Se Jaye Jayle poderia substituir os Handsome Family na composição de uma banda sonora de uma época de True Detective, Emma Ruth Rundle fá-lo-ia em Better Call Saul ou, pelo que se ouve numa canção como Darkhorse, de The Handmaid’s Tale: “run little sister, run so fast, I see he’s gaining on you, take a breath and make it last, the darkwater horizon”. Tudo corria sem sobressalto à cantautora que nem com um “se fizermos merda na próxima, pedimos já desculpa e não têm de chorar” teve um deslize – se alguém no público presente o fizesse seria porque o alinhamento principal acabaria por chegar ao fim com Heaven. E aquela guitarra acústica a ganhar pó ao canto do palco e a plateia perguntando-se se haveria Rundle a solo.
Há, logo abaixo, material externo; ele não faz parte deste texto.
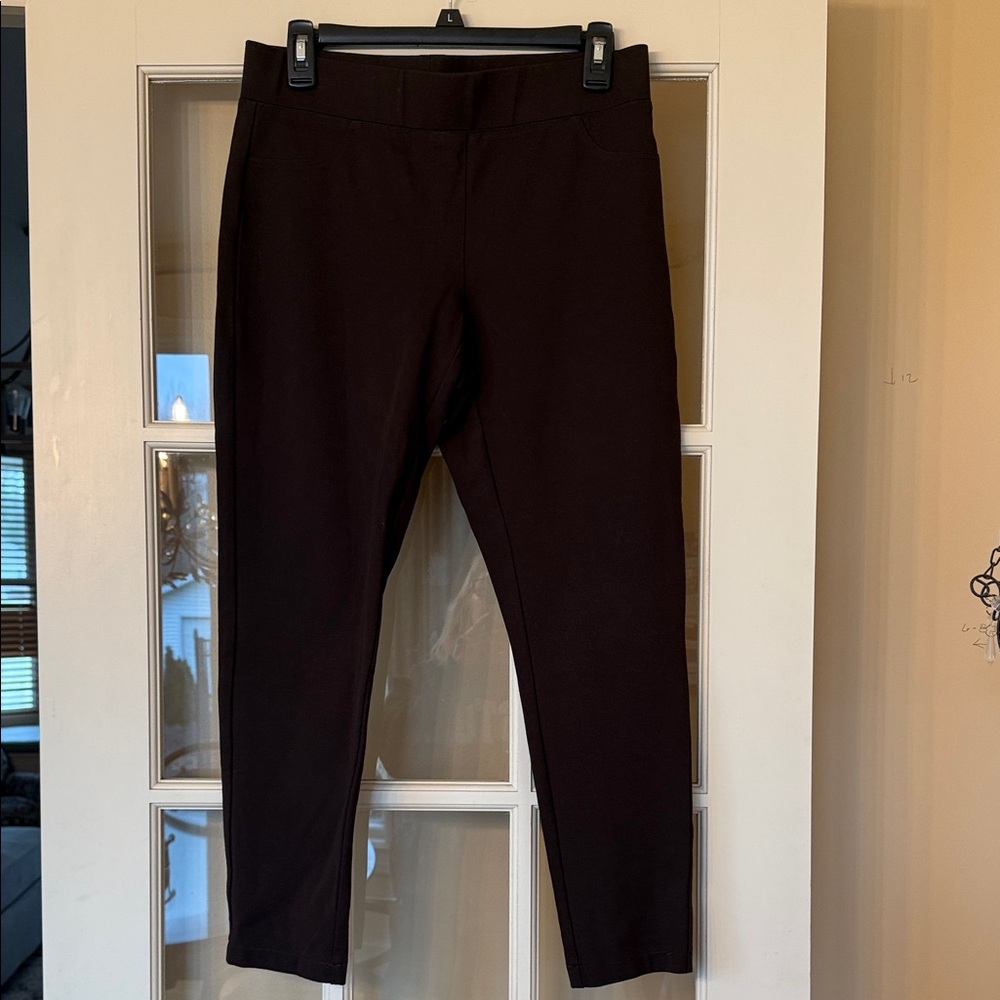NWOT Elliot Lauren Brown pant- leggings size Medium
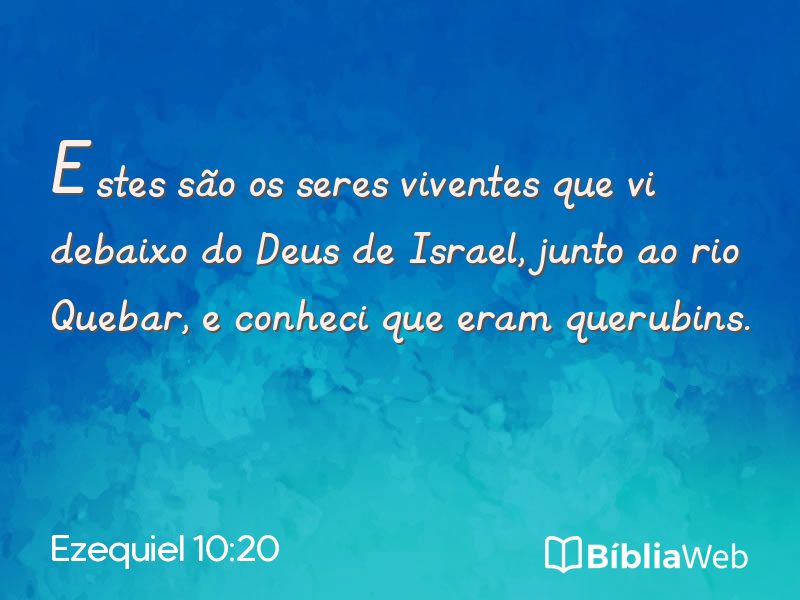 Ezequiel 10:20 em imagem para compartilhar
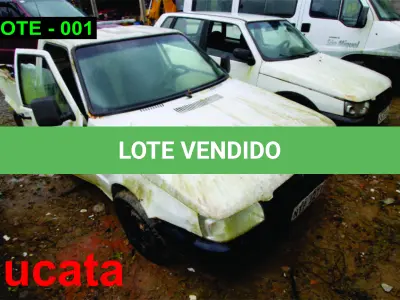 LOTE 001 - SUCATA - FIAT FIORINO, 2010/2011, ALCOOL/GASOLINA.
E haveria, com a óbvia Shadows of My Name (eléctrica, contudo). Para além da terna interpretação da canção, fica a conclusão de que Rundle, prolífica e segura, se tornou num dos nomes mais originais da fronteira entre folk e post-rock, com um fundo emocional que lhe garante alma e a quem ouve e vê perscrutação sentimental já densa. É isto que distingue os cantautores da treta e quem não brinca, como Rundle.
Conseguiu mostrar isto tudo em cinquenta e sete minutos. Prolífica e com uma capacidade de síntese e pêras, não haja dúvidas. Para agradecimento, agradecimento e meio.